# Humidifiers for Green Tree Pythons



## jhatcliffe (May 24, 2010)

Hi all, I'm thinking of getting a green tree python, i just have one question, i live in south east queensland, and as the GTP is a jungle snake, i assume it will need some failry high humidity. I have a Dalbarb, purpose built, timber, reptile enclosure thats 120x120x60cm. Whats going to be the best way to get some humidity into the tank???? That is if you think its needed in SE Queensland. Thanks Guys


----------



## Mr.James (May 24, 2010)

What type of timber is the enclosure made from? 

Humidity/moisture will cause the timber to get water lodged & rot, not easy to dry it out. So make sure the enclosure is really well waterproofed.

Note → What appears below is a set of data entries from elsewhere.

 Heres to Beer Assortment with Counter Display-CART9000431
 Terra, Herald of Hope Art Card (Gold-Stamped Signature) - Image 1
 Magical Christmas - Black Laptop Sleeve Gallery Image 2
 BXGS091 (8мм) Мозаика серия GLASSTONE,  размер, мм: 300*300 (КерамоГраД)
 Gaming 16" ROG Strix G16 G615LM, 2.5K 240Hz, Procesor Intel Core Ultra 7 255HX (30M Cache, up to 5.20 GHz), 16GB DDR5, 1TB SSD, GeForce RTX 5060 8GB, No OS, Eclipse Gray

Ways to create humidity = By misting the enclosure with a spray bottle daily, use substrates such as palm/coco peat & moss, large waterbowl, installing a humidifier system setup up with a hygrostat, & making sure the enclosure is setup correctly so it is adequately ventilate but does not allow all your humidity to escape.

Purchase a book called 'The complete chondro' or 'The more complete chondro'. They are like a bible to any Green Python keeper.

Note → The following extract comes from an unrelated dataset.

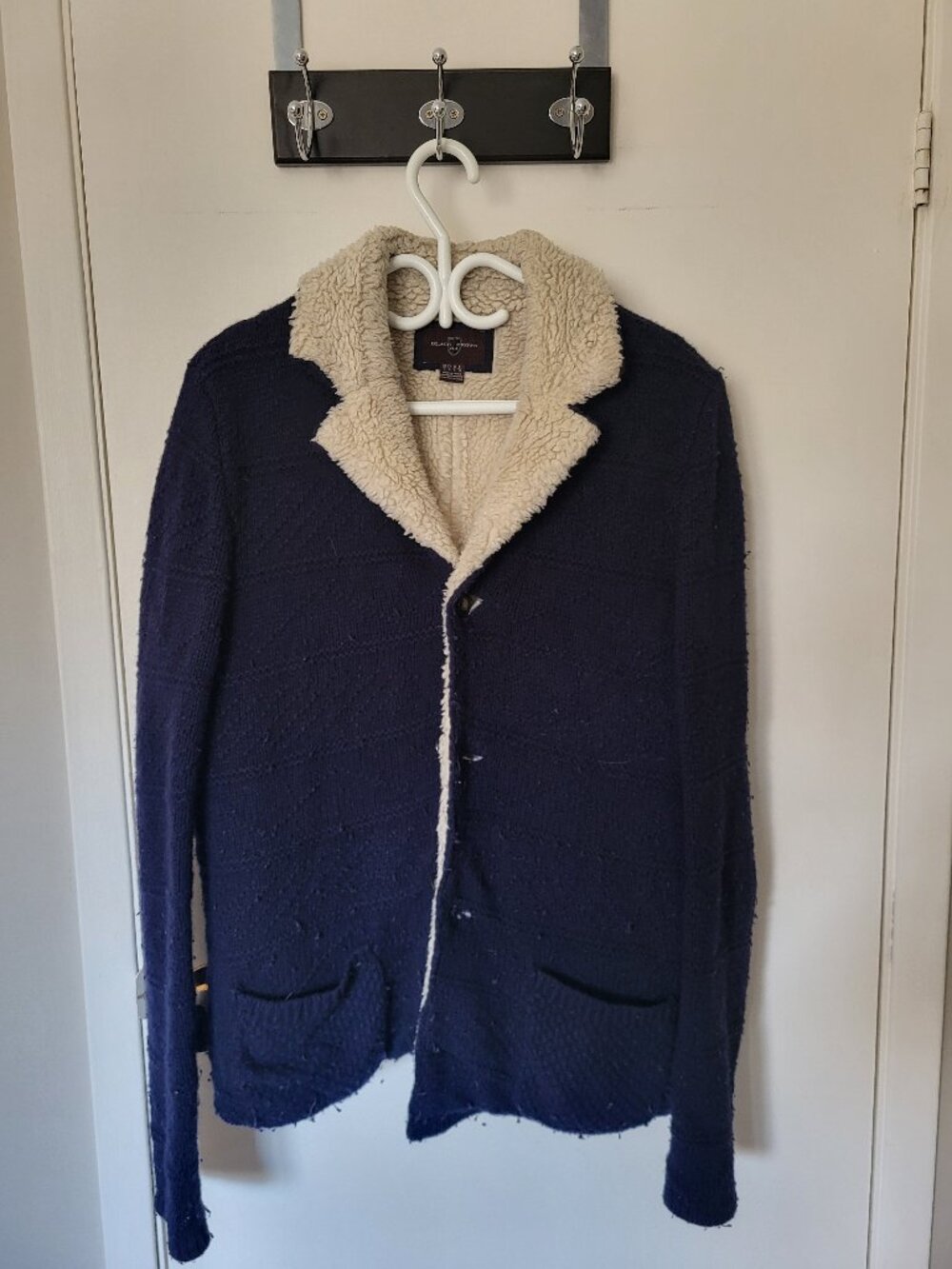 Black Brown lined sweater L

There are keepers on this site who I'm sure can add to this & help you more. But it's also worth chatting to the breeder who you plan to purchase the GTP from. There is also some great information in some of the reptile magazines written by the top breeders in Oz, you'll be able to order back issues.


----------



## Slats (May 24, 2010)

Best way is large shallow water bowls. 
I have no problem in the dry season


----------



## hypochondroac (May 24, 2010)

Mr Boyd has given good advice.

I spray using a water bottle, spray the entire enclosure and snake down thoroughly.. once in the morning and once in the late evening so that they get a chance to dry out, my enclosures are melamine and they must be sealed properly, i use sphagnum moss as substrate - Newspaper works well also.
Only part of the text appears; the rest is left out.